Sorrise al signore e annuì contento: l'impegno ce l'aveva messo, il proprio tempo anche; non si sarebbe di certo potuto lamentare quel ragazzo!
Uscì dal negozio soddisfatto del suo acquisto e si diresse finalmente a casa, pronto per godersi il suo tanto amato pomeriggio di dolce far nulla.
«Fa un po' vedere!»
Chiara era passata da lui la sera stessa per accertarsi che avesse azzeccato il regalo.
Che malfidata! Se era così preoccupata poteva andare direttamente lei a comprarlo, anziché scaricare il barile proprio a Seba!
Un po' infastidito, tirò fuori dall'armadio l'archetto e glielo mostrò.
«Cavoli, avevi ragione, non credo si possa incidere. Qui però potresti, guarda!»

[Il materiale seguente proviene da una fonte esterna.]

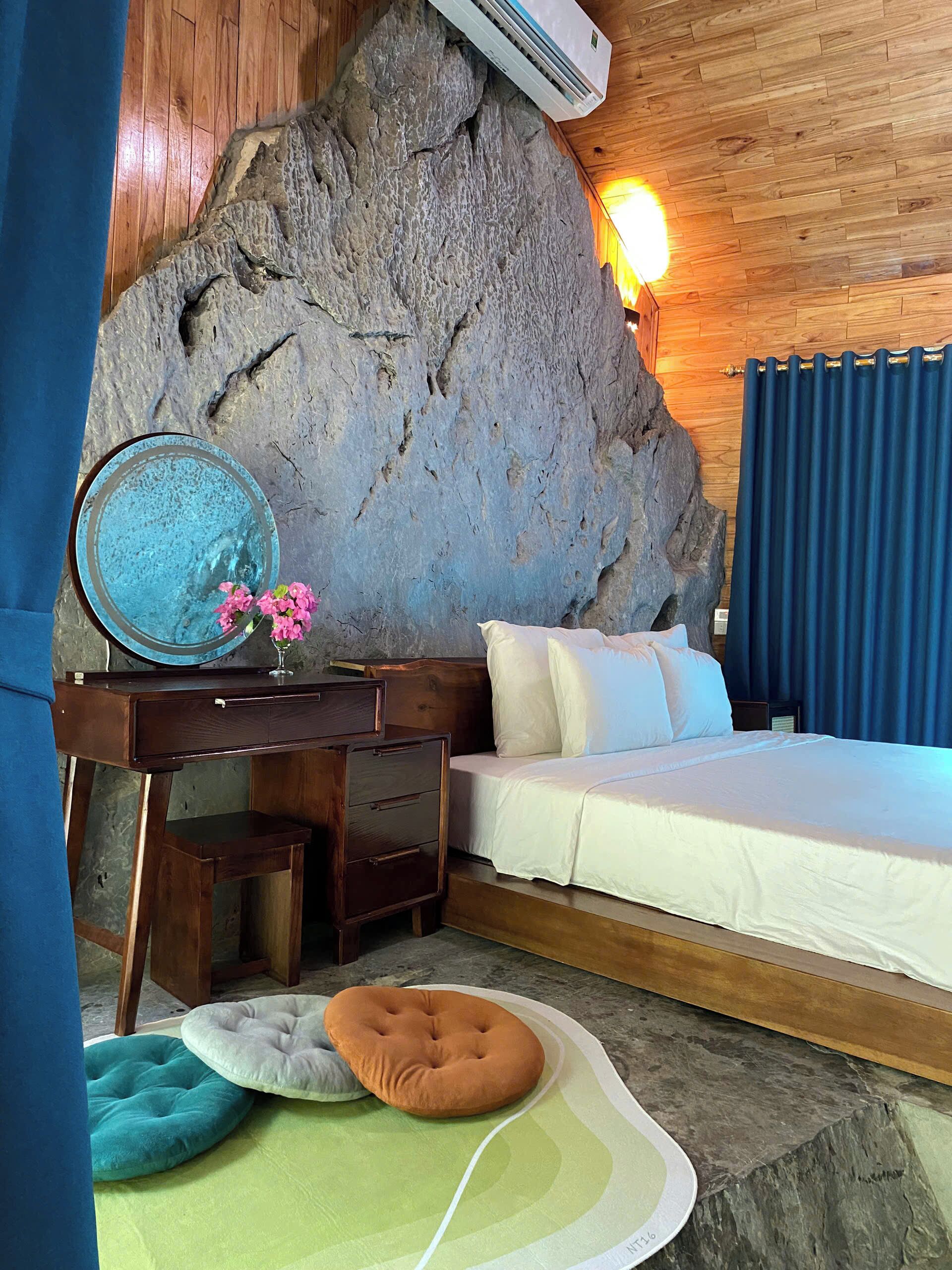 Ein Schlafzimmer mit einer großen Felswand, einem Bett, einem Schreibtisch mit Schubladen, einem Spiegel und einem kleinen Tisch mit Blumen.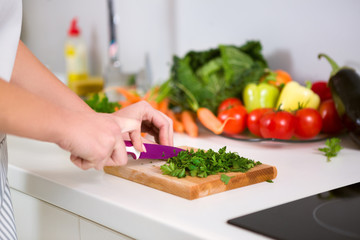 hand with knife cutting food ingredients on wooden board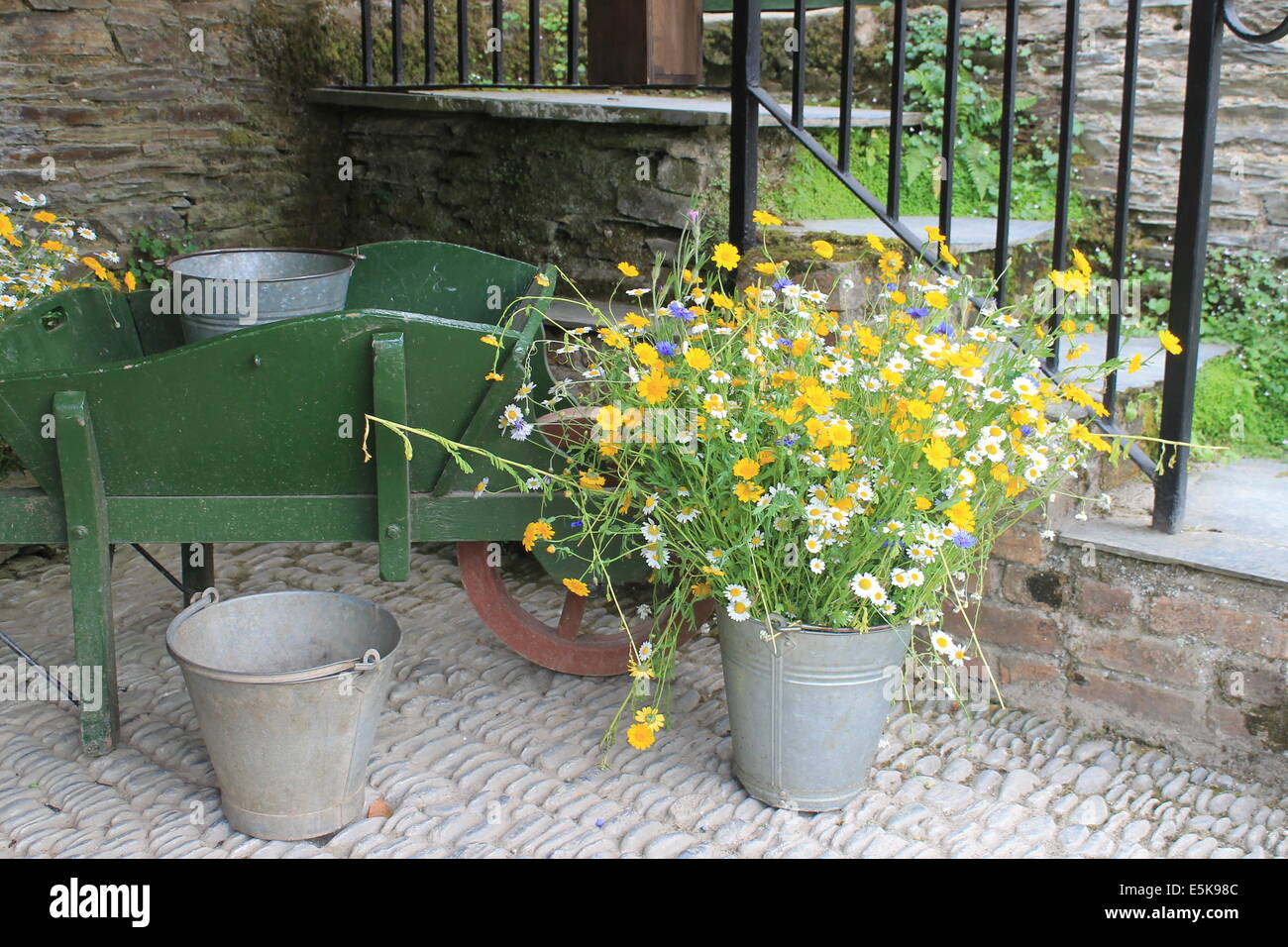 A spray of wildflowers and old wooden wheelbarrow in a courtyard corner at The Lost Gardens of Heligan, Cornwall, England, UK Stock Photo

Sebastiano guardò il punto che stava indicando la sua ragazza: era la testa dell'archetto, l'unica parte che concedeva un leggero spazio libero.
«Amore, è minuscolo. Come faccio ad incidere lì? E poi se lo rovino? O se non gli piace e lo vuole cambiare? Non lo prenderanno indietro con un'incisione sopra.»
Chiara gli sorrise.
«Tranquillo, è un regalo, Léon non lo cambierebbe mai, neanche se avessi scelto il più brutto sulla faccia della terra. E poi se non vuoi incidere puoi sempre scrivere con un indelebile. Ne sarebbe sicuramente felicissimo.»
Ma che palle! Seba era stufo di sentire cosa avrebbe fatto felice quel ragazzo! Ma chissenefrega, pensò. Nonostante le sue proteste mentali, annuì a Chiara, che tutta felice lo abbracciò mentre saltellava qua e là.
«Voglio proprio vedere se anche per il mio compleanno vi impegnerete così tanto!» disse mettendo su un piccolo broncio.
«Quando mai non ci siamo impegnati per il compleanno di qualcuno, scusa?»
«Ma lui è con noi da pochissimo.»
Chiara sorrise e Seba riconobbe subito quell'espressione sul suo viso: era la stessa che utilizzava quando doveva spiegare ad uno dei bimbi del catechismo perché non fosse mai una buona idea vendicarsi di un dispetto subìto. Era l'espressione di chi pensa "povero cucciolo, non sa ancora nulla su come si sta al mondo", e lui la odiava.
«Non conta la quantità di tempo, ma la qualità, lo sai meglio di me. Abbiamo conosciuto Giada quando si è trasferita nella nostra scuola, e una settimana dopo era già parte integrante del nostro gruppo.»
Seba alzò gli occhi al cielo, non sopportava quando la sua ragazza gli faceva quelle sorte di prediche. Lo facevano sentire sciocco, stupido.
«D'accordo, come vuoi. Domani vado a comprare lo stupido pennarello e faccio la stupida scritta per quello stupido ragazzo.»
«Bravo il mio amore!» disse sorridente, e Seba pensò che ci mancava solo che gli desse uno stupido croccantino come ricompensa, «Scrivici il suo nome sopra, vedrai come gli piacerà.»
Già, chissà come gli piacerà! Seba sorrise, pensando che magari poteva sbagliare una piccola, piccolissima letterina e scrivere Leone anziché Léon; sarebbe pur sempre stato un errore fatto in buona fede, no?